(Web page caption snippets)

- - - - - - -

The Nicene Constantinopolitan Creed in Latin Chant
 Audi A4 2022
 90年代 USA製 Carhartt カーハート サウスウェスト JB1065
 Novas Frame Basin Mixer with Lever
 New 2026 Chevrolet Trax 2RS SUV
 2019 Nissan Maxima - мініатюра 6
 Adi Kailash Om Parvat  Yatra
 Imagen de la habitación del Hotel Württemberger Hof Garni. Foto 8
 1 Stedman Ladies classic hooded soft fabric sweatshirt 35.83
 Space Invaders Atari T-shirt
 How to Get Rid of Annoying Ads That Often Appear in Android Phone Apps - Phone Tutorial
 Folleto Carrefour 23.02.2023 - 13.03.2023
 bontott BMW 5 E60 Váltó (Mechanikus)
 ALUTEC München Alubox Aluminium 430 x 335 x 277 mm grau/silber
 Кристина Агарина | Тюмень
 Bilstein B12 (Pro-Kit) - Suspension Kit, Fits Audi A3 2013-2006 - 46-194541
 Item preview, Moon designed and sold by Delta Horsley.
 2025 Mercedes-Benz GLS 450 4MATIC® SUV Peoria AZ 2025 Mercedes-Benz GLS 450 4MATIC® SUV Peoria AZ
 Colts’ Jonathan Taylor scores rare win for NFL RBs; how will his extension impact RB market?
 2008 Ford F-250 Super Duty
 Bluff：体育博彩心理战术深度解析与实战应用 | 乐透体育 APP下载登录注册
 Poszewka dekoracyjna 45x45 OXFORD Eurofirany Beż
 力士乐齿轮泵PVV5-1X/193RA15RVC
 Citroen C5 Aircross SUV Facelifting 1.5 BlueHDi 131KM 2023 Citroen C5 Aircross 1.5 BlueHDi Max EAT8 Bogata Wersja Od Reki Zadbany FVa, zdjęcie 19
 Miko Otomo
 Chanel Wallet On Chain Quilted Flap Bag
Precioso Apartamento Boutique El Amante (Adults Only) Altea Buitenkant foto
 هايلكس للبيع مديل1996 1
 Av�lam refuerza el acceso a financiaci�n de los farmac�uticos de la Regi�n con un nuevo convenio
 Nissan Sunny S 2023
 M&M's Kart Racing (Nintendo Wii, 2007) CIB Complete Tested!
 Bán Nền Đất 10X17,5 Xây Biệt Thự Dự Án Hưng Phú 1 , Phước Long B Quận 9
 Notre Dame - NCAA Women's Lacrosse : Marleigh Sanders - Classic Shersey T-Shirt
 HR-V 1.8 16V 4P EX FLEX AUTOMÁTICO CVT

- - - - - - -

■ **Task requirements**: Set the entries down again, unchanged and complete.

■ **Problem solution**:
The Nicene Constantinopolitan Creed in Latin Chant
 Audi A4 2022
 90年代 USA製 Carhartt カーハート サウスウェスト JB1065
 Novas Frame Basin Mixer with Lever
 New 2026 Chevrolet Trax 2RS SUV
 2019 Nissan Maxima - мініатюра 6
 Adi Kailash Om Parvat  Yatra
 Imagen de la habitación del Hotel Württemberger Hof Garni. Foto 8
 1 Stedman Ladies classic hooded soft fabric sweatshirt 35.83
 Space Invaders Atari T-shirt
 How to Get Rid of Annoying Ads That Often Appear in Android Phone Apps - Phone Tutorial
 Folleto Carrefour 23.02.2023 - 13.03.2023
 bontott BMW 5 E60 Váltó (Mechanikus)
 ALUTEC München Alubox Aluminium 430 x 335 x 277 mm grau/silber
 Кристина Агарина | Тюмень
 Bilstein B12 (Pro-Kit) - Suspension Kit, Fits Audi A3 2013-2006 - 46-194541
 Item preview, Moon designed and sold by Delta Horsley.
 2025 Mercedes-Benz GLS 450 4MATIC® SUV Peoria AZ 2025 Mercedes-Benz GLS 450 4MATIC® SUV Peoria AZ
 Colts’ Jonathan Taylor scores rare win for NFL RBs; how will his extension impact RB market?
 2008 Ford F-250 Super Duty
 Bluff：体育博彩心理战术深度解析与实战应用 | 乐透体育 APP下载登录注册
 Poszewka dekoracyjna 45x45 OXFORD Eurofirany Beż
 力士乐齿轮泵PVV5-1X/193RA15RVC
 Citroen C5 Aircross SUV Facelifting 1.5 BlueHDi 131KM 2023 Citroen C5 Aircross 1.5 BlueHDi Max EAT8 Bogata Wersja Od Reki Zadbany FVa, zdjęcie 19
 Miko Otomo
 Chanel Wallet On Chain Quilted Flap Bag
Precioso Apartamento Boutique El Amante (Adults Only) Altea Buitenkant foto
 هايلكس للبيع مديل1996 1
 Av�lam refuerza el acceso a financiaci�n de los farmac�uticos de la Regi�n con un nuevo convenio
 Nissan Sunny S 2023
 M&M's Kart Racing (Nintendo Wii, 2007) CIB Complete Tested!
 Bán Nền Đất 10X17,5 Xây Biệt Thự Dự Án Hưng Phú 1 , Phước Long B Quận 9
 Notre Dame - NCAA Women's Lacrosse : Marleigh Sanders - Classic Shersey T-Shirt
 HR-V 1.8 16V 4P EX FLEX AUTOMÁTICO CVT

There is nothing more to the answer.